* [Your objective]
Below this line is a listing that includes pictures. Copy exactly, and only, the lines from the one containing "Fransız gazeteci: Türkiye'ye" through the one containing "Birthday Blast Surprise"; the pictures do not go in the copy.

═════ Excerpted records ═════

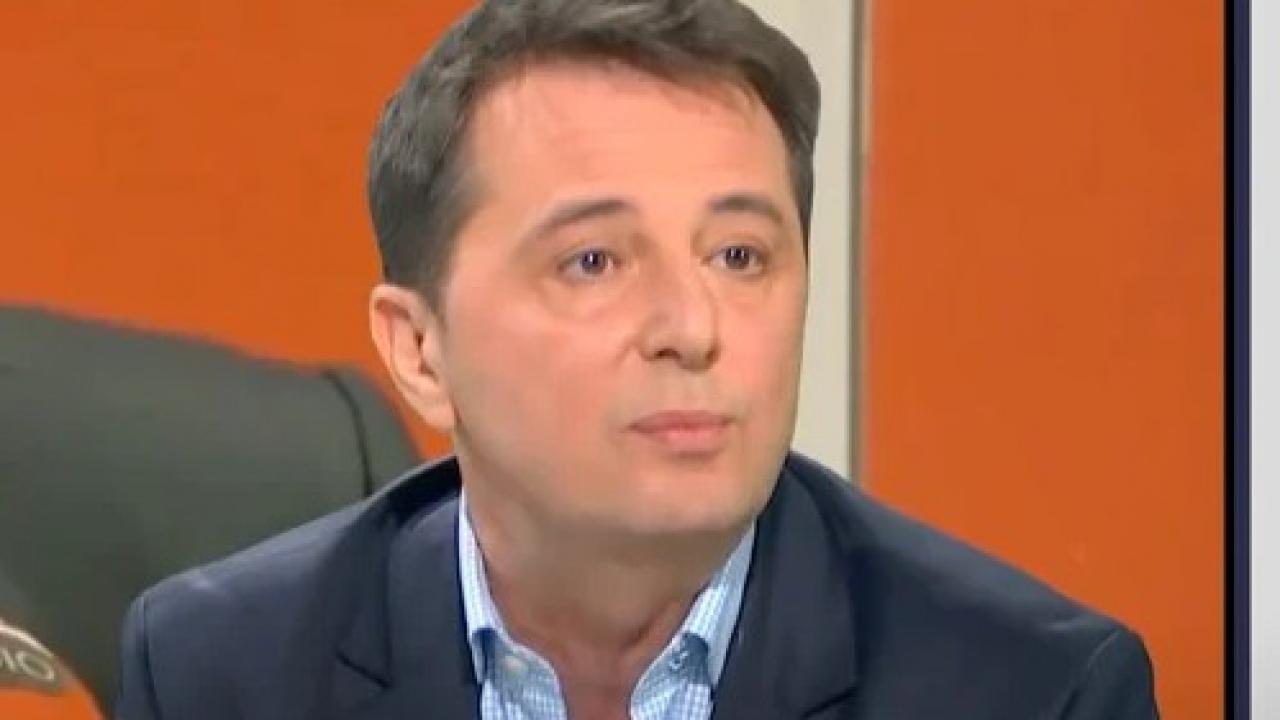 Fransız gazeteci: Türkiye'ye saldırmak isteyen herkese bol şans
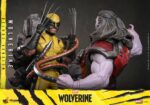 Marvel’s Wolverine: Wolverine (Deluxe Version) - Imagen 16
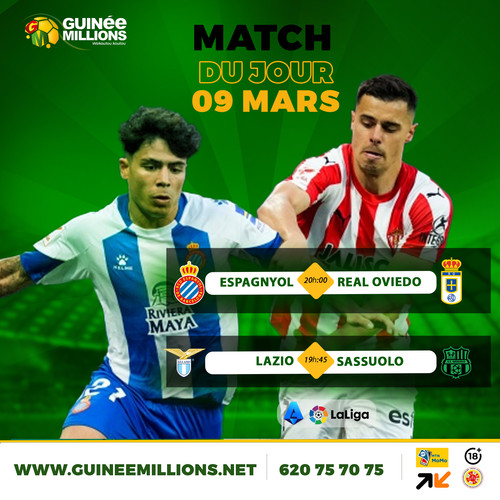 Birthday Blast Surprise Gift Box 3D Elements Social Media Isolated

═════
═════ Excerpted records ═════

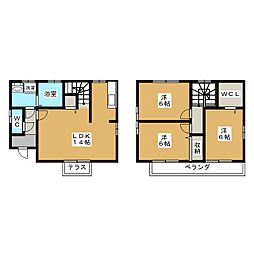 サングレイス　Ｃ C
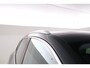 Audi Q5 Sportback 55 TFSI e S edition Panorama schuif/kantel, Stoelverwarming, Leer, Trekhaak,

═════

* [Written reply]
 Fransız gazeteci: Türkiye'ye saldırmak isteyen herkese bol şans
 Marvel’s Wolverine: Wolverine (Deluxe Version) - Imagen 16
 Birthday Blast Surprise Gift Box 3D Elements Social Media Isolated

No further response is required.